__Problem description__
Draw out every line with the word "shows" from the listing below.

__The data__
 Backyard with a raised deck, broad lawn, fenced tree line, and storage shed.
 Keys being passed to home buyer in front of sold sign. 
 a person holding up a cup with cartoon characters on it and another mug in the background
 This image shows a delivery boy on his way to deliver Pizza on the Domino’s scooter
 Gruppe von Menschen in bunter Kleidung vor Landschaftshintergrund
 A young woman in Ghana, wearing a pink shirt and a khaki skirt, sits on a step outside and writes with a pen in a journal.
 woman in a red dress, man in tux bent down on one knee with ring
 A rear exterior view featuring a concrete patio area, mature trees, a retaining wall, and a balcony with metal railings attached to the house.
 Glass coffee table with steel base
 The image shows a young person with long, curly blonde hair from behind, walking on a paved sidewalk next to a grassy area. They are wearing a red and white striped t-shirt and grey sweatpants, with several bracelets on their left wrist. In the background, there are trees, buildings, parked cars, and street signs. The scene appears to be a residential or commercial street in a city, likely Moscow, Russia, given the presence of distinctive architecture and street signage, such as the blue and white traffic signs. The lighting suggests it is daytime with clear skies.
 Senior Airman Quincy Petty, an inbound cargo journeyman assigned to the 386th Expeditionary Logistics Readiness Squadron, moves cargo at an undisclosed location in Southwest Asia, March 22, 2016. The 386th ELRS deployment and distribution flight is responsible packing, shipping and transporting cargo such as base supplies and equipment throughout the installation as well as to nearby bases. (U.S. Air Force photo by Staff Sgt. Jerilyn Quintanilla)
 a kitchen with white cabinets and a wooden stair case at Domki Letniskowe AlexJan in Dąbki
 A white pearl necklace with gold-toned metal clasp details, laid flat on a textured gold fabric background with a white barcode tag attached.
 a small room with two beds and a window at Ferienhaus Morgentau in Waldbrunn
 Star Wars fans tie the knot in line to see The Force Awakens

__Output of the task__
 This image shows a delivery boy on his way to deliver Pizza on the Domino’s scooter
 The image shows a young person with long, curly blonde hair from behind, walking on a paved sidewalk next to a grassy area. They are wearing a red and white striped t-shirt and grey sweatpants, with several bracelets on their left wrist. In the background, there are trees, buildings, parked cars, and street signs. The scene appears to be a residential or commercial street in a city, likely Moscow, Russia, given the presence of distinctive architecture and street signage, such as the blue and white traffic signs. The lighting suggests it is daytime with clear skies.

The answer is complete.